Earlier this week, I made a mental note to write about one of the things I’ve learned from skating: to embrace inefficiency. I don’t learn (or write) things in a linear way; instead, I circle back to concepts, experiences, and movements. Moreover, these are not neat circles; I spend a lot of time and energy moving inside and out of those circles before I finally figure out where I’m going.
Well, this is certainly the case right now. It’s amazing how many times I can do the same move, and it’s still not right. And what can become frustrating is that these are not even big moves, like axels or double loops or flying camels. These are basic edges and turns. They are the ants of the skating world! They are everywhere. They can hold up an enormous amount of weight on their teeny tiny bodies (that is, if they are not squashed by improper technique).
The end of this week was tough. My knees hurt from trying some things that require more turnout than I have: Ina Bauers and mohawks. Not enough sleep one night seems to have messed up some of the left side recovery that has been pretty steady for the past month; my back feels stiff and my muscles don’t seem to engage as readily even though my balance is better. I’ve gotten pretty stuck on three-turns; even took a fall doing them during a lesson, which felt pretty pathetic.
In retrospect, though, I was able to figure out a few things that I will try next week. Laurie had me work on the back outside to forward outside edge (keeping upper ribcage down but space above the hips), the transitions between forward outside edges (rocking over onto the inside edge and getting a really good push to create the new direction) and on back swing rolls (not rotating the upper body on my free side). Ari had me watch the exit to my mohawk in the boards and I saw that I was pretty far forward on my blade on the back inside edge. I have to work to get that weight back but once I do, it’s much more stable.
When I feel down, I try to visualize myself doing some perfect edges. Last night I even had a dream about doing some gorgeous progressives (okay, a little weird for non-skaters to imagine, but it was really fun for me). Still, when I’m on the ice, there’s the cold, cold reality (and honestly, Minnesota dropped 40 degrees this week).
It would be much easier if there were an immediate fix, or even a clear path: A goes to B, which takes us neatly hand-in-hand to C. But that never has been the case for me or if it works out neatly (like my loop jump way back when), I realize later that the sense of neatness was really an illusion, with all kinds of things going on to make it happen.
So the saving grace is that I realize that to some extent it is all about the inefficiency, the circularity, the bobbling in and out of circles.

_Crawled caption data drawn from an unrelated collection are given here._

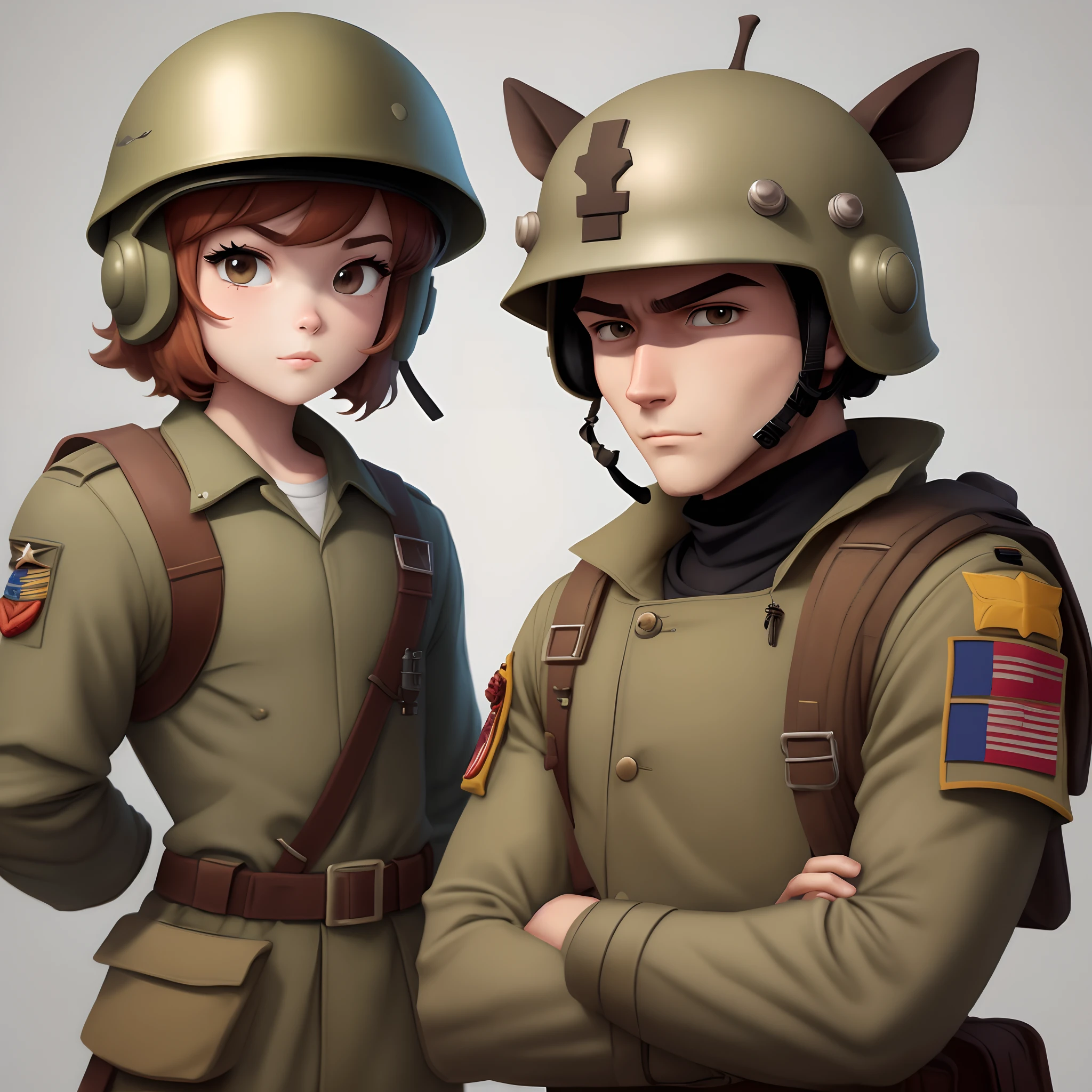 Ant with soldier helmet in cartoony artstyle who looks motivated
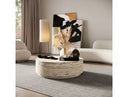 Roma - Modern Faux Travertine Round Coffee Table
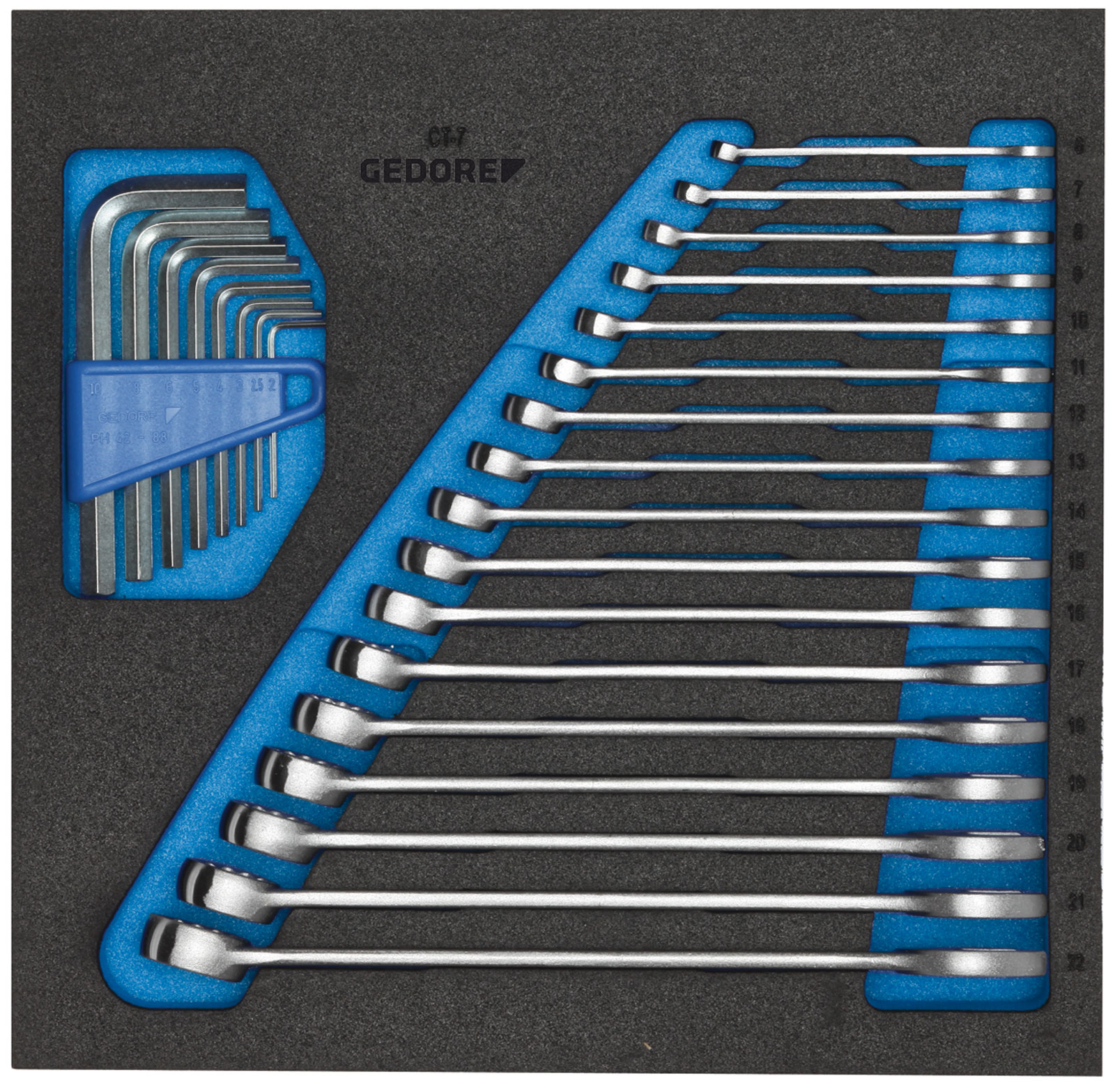 1500 CT2-7 Ring-Maulschlüssel-Satz in 2/3 Check-Tool-Modul
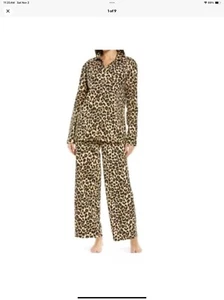 Nordstrom Flanell Patchwork Shore Leopardenmuster Pyjama Set hellbraun Größe Small - Bild 1 von 3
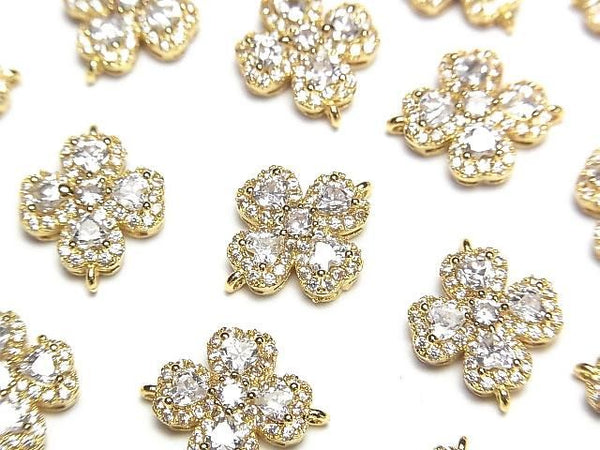 Metal parts joint parts Clover 15x12mm Gold color (with CZ) 1pc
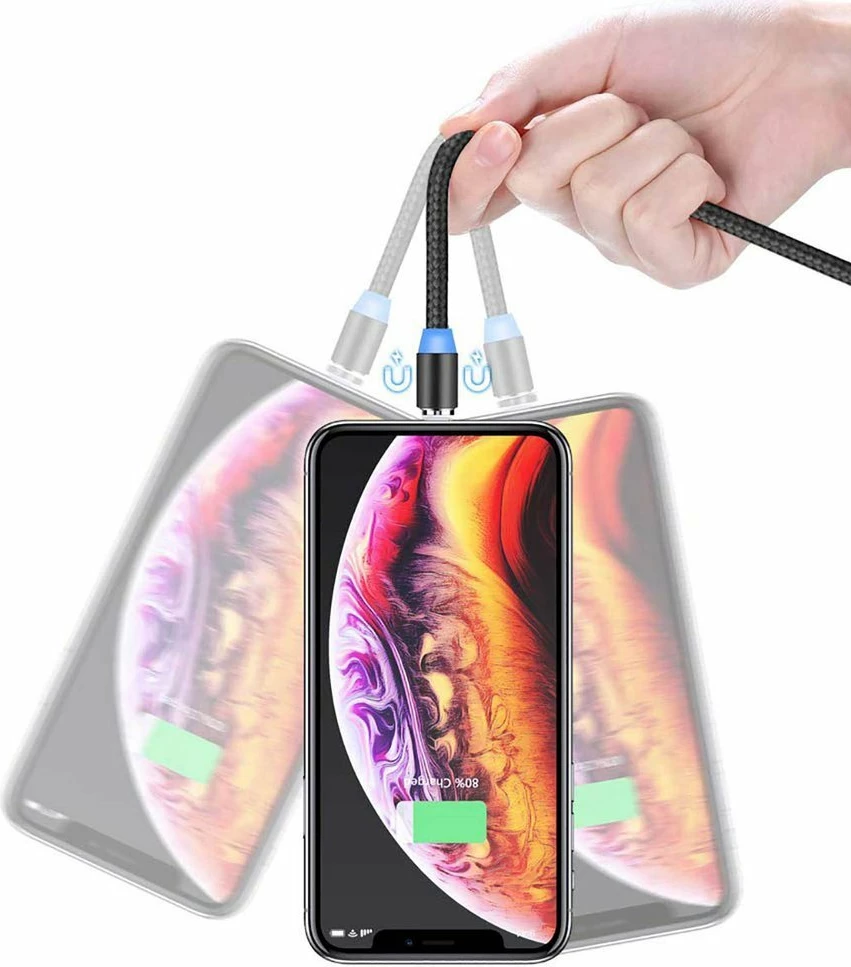 Adapter magnetik për kabllo Lightning Hurtel, argjend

First of all, I burn way more calories this way. Second, I’m facing a philosophical problem of the highest order: how to find joy in the chaos, contentment in imperfection? Third, I’m dealing with this problem through action rather than contemplation, like Hamlet finally does in Act V. The readiness is all.
When composing this post, I wrote a bit more about Hamlet that got lost in the ether: rage, madness, death, repeat. Trying to upload a picture (my “frozen fractal” from a nice collection of images of fractals in nature) got a little wonky so I lost that thought. How appropriate. Back to the ice tomorrow. Circularity reigns.